BEGIN RECORDED DATA

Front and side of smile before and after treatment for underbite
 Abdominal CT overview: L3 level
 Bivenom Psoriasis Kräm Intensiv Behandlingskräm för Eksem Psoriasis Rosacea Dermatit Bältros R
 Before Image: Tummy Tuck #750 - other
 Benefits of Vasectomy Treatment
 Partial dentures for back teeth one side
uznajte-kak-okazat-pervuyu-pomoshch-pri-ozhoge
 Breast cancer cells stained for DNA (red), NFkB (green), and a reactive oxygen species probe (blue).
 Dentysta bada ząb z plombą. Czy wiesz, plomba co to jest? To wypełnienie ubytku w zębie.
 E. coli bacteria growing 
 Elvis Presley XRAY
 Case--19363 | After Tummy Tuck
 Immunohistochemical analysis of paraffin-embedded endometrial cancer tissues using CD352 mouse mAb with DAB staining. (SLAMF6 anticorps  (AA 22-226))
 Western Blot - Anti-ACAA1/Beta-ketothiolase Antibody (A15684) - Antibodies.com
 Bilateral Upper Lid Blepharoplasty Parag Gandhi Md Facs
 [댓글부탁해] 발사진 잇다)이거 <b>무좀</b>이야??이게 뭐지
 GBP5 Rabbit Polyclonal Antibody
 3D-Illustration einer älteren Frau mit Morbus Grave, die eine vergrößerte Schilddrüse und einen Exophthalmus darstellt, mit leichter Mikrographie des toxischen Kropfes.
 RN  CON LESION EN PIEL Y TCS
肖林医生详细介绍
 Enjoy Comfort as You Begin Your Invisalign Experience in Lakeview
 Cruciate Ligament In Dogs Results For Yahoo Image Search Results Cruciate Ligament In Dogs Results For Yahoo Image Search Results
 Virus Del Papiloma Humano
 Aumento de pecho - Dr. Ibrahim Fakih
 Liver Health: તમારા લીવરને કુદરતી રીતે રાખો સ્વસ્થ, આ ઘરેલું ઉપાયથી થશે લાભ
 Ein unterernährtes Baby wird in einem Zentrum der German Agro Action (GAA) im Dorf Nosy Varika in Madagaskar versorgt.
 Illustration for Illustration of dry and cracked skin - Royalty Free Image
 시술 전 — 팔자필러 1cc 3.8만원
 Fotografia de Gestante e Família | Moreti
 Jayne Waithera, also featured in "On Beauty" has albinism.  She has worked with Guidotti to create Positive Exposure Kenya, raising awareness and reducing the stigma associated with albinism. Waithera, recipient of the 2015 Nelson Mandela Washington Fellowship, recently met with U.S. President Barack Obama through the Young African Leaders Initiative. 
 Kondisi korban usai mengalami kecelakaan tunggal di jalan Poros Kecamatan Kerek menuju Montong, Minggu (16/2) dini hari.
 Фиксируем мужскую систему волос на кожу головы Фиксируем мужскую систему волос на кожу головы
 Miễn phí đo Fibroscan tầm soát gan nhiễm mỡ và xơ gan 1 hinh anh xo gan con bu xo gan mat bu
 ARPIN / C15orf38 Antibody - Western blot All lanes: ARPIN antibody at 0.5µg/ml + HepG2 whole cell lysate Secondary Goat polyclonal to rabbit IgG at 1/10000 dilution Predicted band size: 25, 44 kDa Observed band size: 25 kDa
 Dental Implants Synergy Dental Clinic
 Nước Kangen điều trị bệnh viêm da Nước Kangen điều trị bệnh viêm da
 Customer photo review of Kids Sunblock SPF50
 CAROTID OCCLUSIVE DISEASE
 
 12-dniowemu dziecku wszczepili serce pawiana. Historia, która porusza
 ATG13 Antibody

END RECORDED DATA

■ **TASK DIRECTIONS**: Out of the listing above, reproduce exactly the lines from the one with "Jayne Waithera, also" up to and including the one with "Miễn phí đo".

■ **SOLUTION BELOW**:
 Jayne Waithera, also featured in "On Beauty" has albinism.  She has worked with Guidotti to create Positive Exposure Kenya, raising awareness and reducing the stigma associated with albinism. Waithera, recipient of the 2015 Nelson Mandela Washington Fellowship, recently met with U.S. President Barack Obama through the Young African Leaders Initiative. 
 Kondisi korban usai mengalami kecelakaan tunggal di jalan Poros Kecamatan Kerek menuju Montong, Minggu (16/2) dini hari.
 Фиксируем мужскую систему волос на кожу головы Фиксируем мужскую систему волос на кожу головы
 Miễn phí đo Fibroscan tầm soát gan nhiễm mỡ và xơ gan 1 hinh anh xo gan con bu xo gan mat bu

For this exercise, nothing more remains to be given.